От роскошного Царского Села до мрачной Петропавловской крепости, через арендованный магазин колониальных товаров в Санкт-Петербурге, откуда агенты подслушивают заговорщиков в квартире Петрашевского на втором этаже, Новачич открывает двери драмы, которая будет продолжаться еще долго после ухода со сцены ее протагонистов. Времена меняются, мизансцены с ними, приходят новые действующие лица, появляются Сталин и Берия, а по ту сторону истории – Сахаров и Бродский. Появляется и югославский посол в СССР, которого, несмотря на его молодость, называют «дядя», и корреспондент Танюга, который все записывает и, если надо, дописывает.
Помимо общественных деятелей, в романе фигурируют и тайные лица: следователи, сыщики, доносчики и заговорщики. Есть также те, о которых не совсем ясно, представляют ли они собой настоящих исторических личностей или являются просто литературным вымыслом. Среди них выделяется граф Александр Христофорович фон Бенкендорф, начальник III отдела собственной его императорского величества канцелярии. Или, проще говоря, начальник отдела тайной полиции, курирующий интеллигенцию.

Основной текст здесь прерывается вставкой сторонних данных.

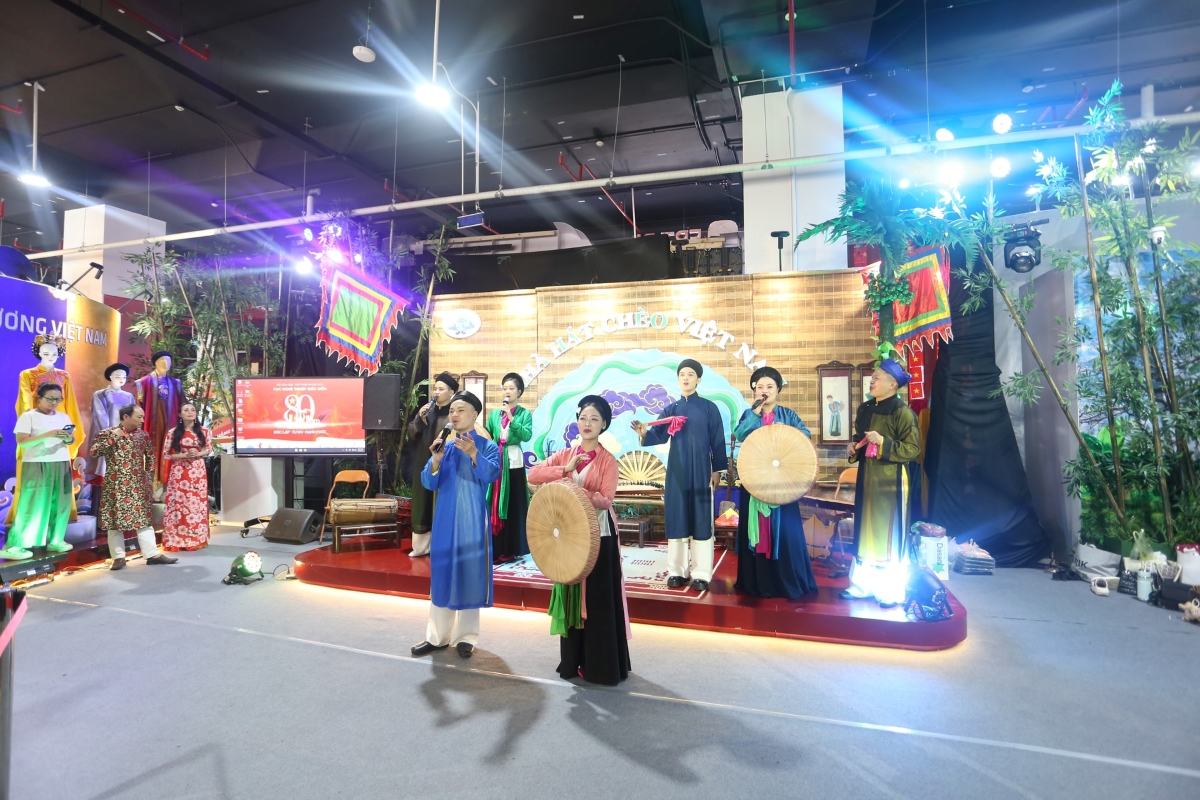 Exposición nacional “80 años de independencia, libertad y felicidad”: Tradición y espíritu innovador en diálogo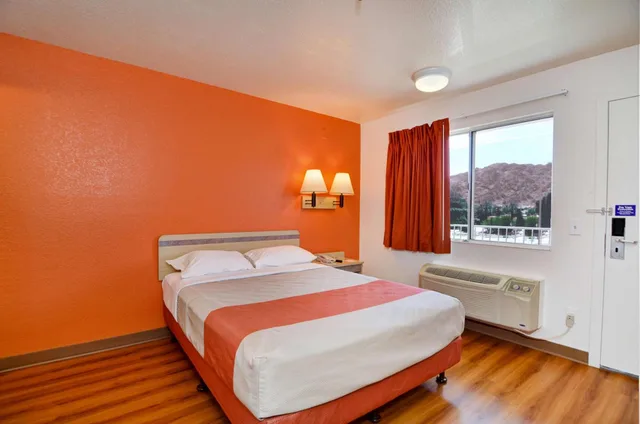 غرفة بسرير مزدوج لذوي الإعاقة، Motel6 Twentynine Palms, CA 3/8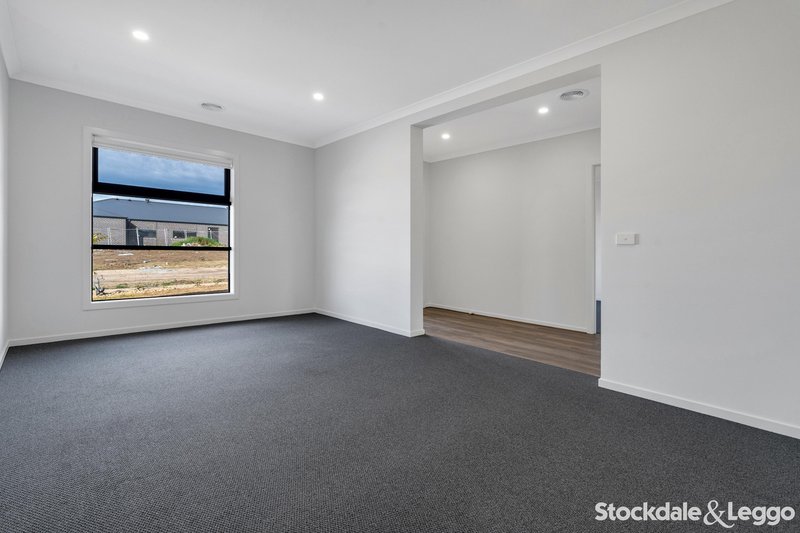 Photo - 20 Leahy Circuit, Gisborne VIC 3437 - Image 2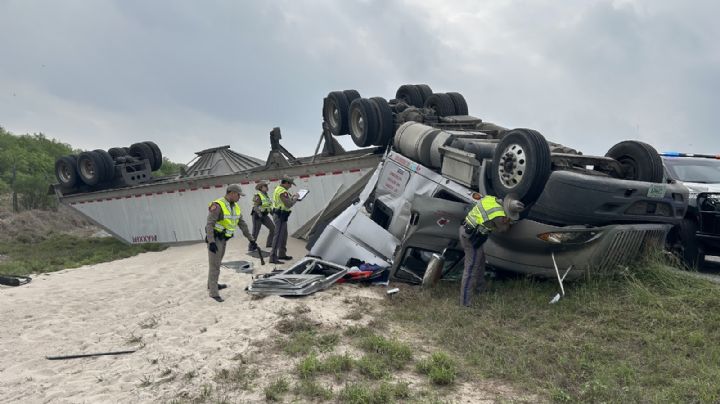 Trailero muere al volcar con su carga de arena en la Carretera 44; quedó dentro de la cabina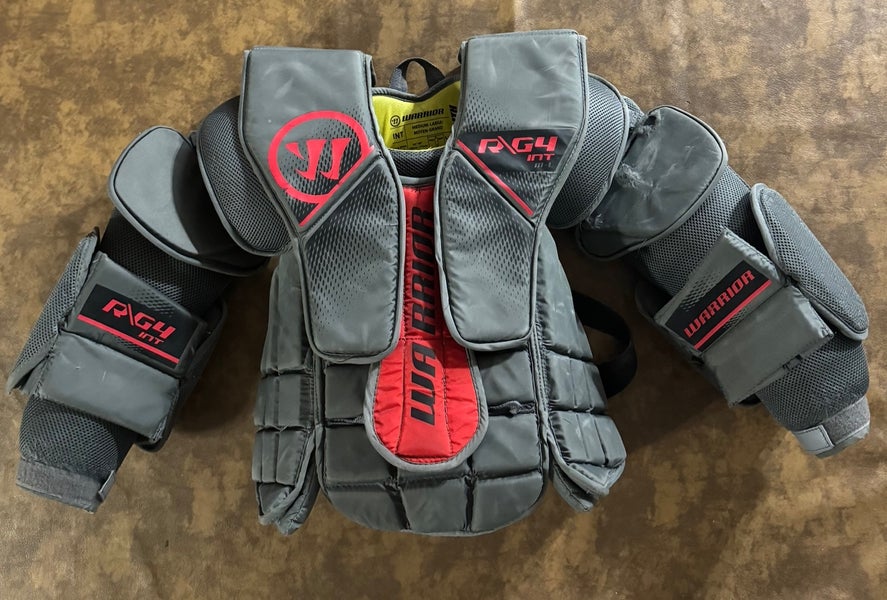 Used  Warrior  Ritual G4 Goalie Chest Protector
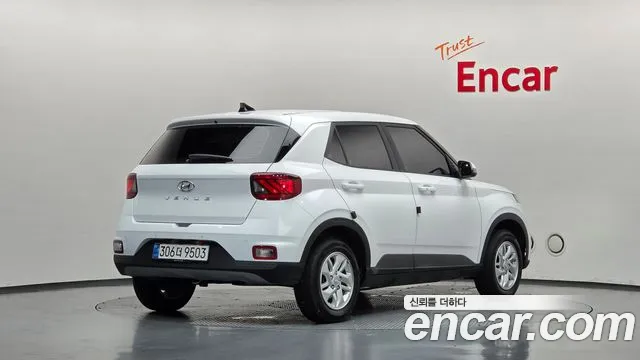 Hyundai Venue 2025 thumb 2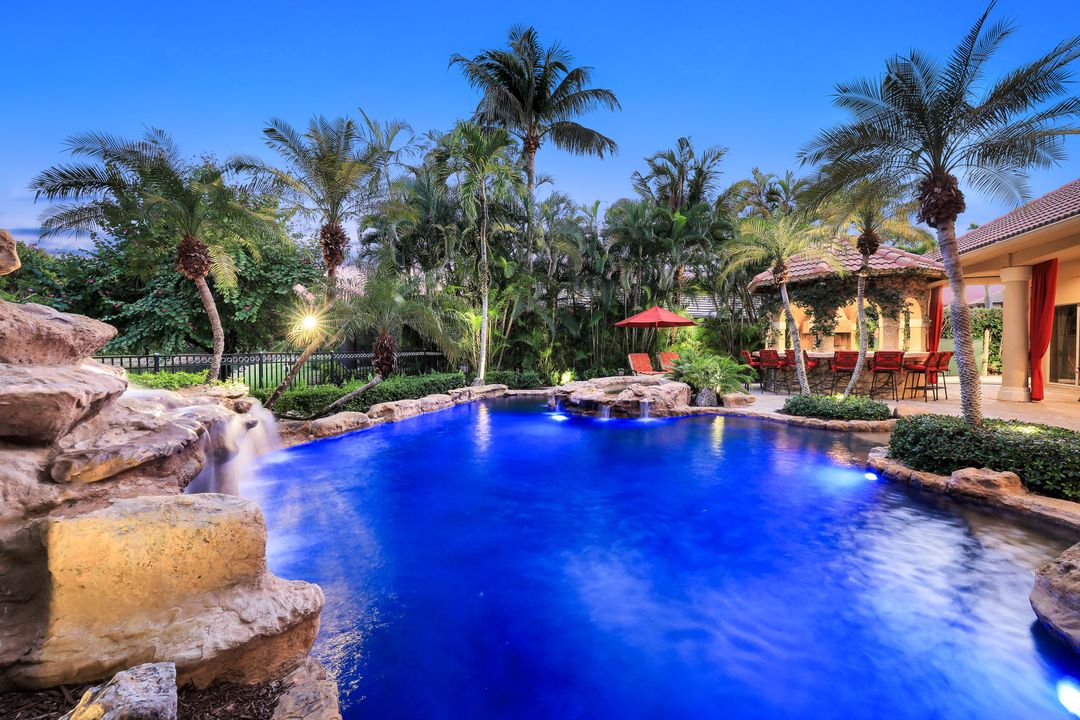 2350 Cheshire Ln, Naples, FL 34109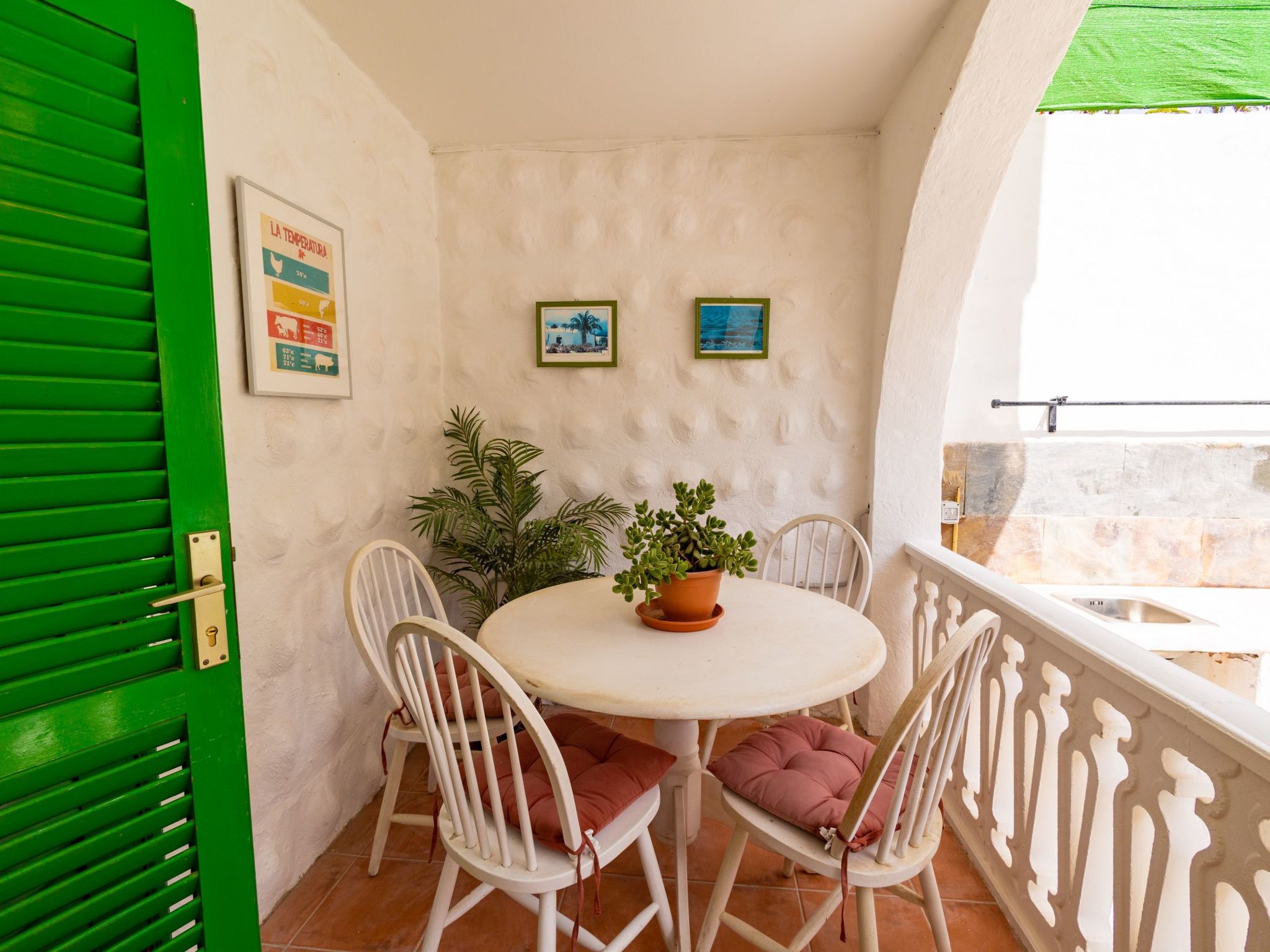 Grosses Haus mit eigenem Pool-Outside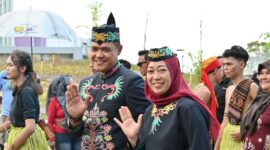 FOTO: Plt.Kadisdik Muhammad Reza Prabowo bersama Istri Holly Diany saat mengikuti Karnaval Budaya Isen Mulang. (FOTO: IST) 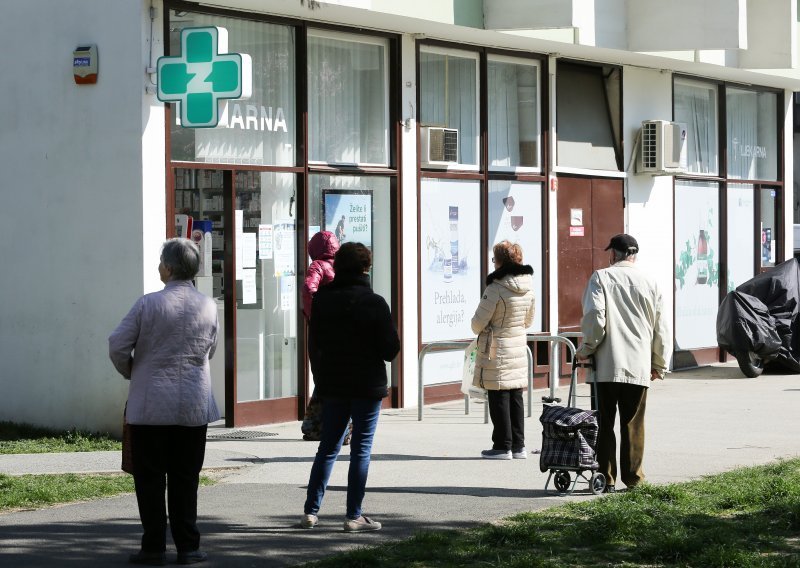 Nove mjere zaštite od širenja epidemije: Ljekarnici od subote provjeravaju je li vam propisana samoizolacija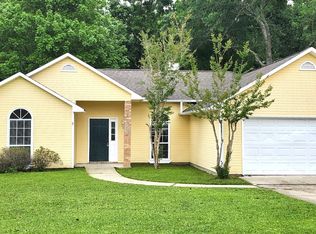 6808 Red Bud Ln, Ocean Springs, MS 39564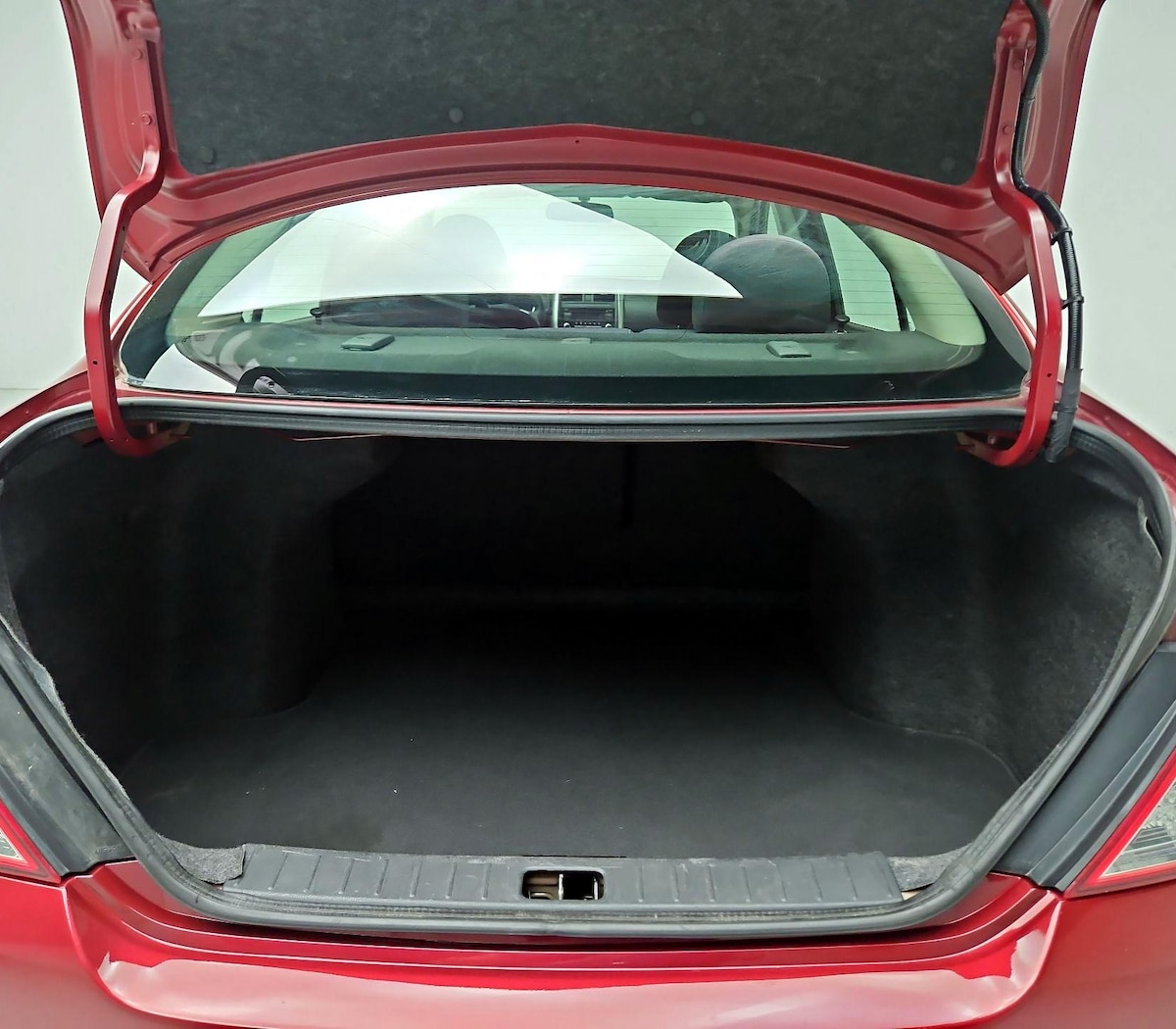 Trunk/Cargo (Seats Up)
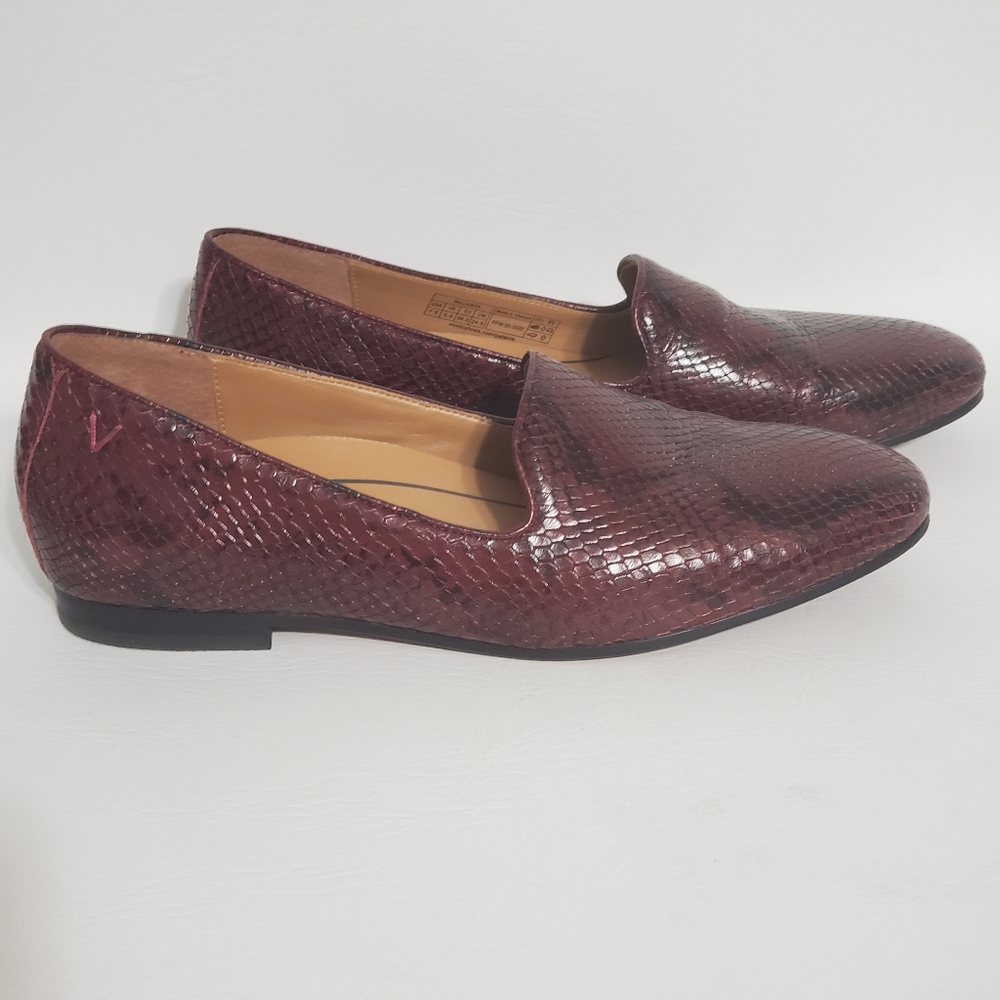 Vionic Burgundy Snake Print Loafers Women's Size 7.5 - Picture 4 of 7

Фон Бенкендорф – главный следователь и мучитель Достоевского, который на момент этой истории уже давно должен был быть мертвым, но волшебным образом вернулся из мира теней, чтобы выполнить свою важнейшую профессиональную и жизненную задачу – добиться сотрудничества Достоевского, его признания и в конечном итоге его покаяния. Реинкарнация генерала Бенкендорфа появляется в темнице Достоевского внезапно и тихо, как привидение, намекая на присутствие другого, уменьшенного до человеческого размера daemon minoris по имени Порфирий Петрович, который в своем перевоплощении впоследствии превратится в главного следователя и преследователя Родиона Раскольникова. Тут еще и страшный двойник Ивана Карамазова, который в какой-то момент сардонически смеется над вопросом, не сходит ли с ума Достоевский, потому что поднял руку на царя. Во тьме метафорической темницы Достоевского царит третий и самый главный, люциферианский дух Великого инквизитора.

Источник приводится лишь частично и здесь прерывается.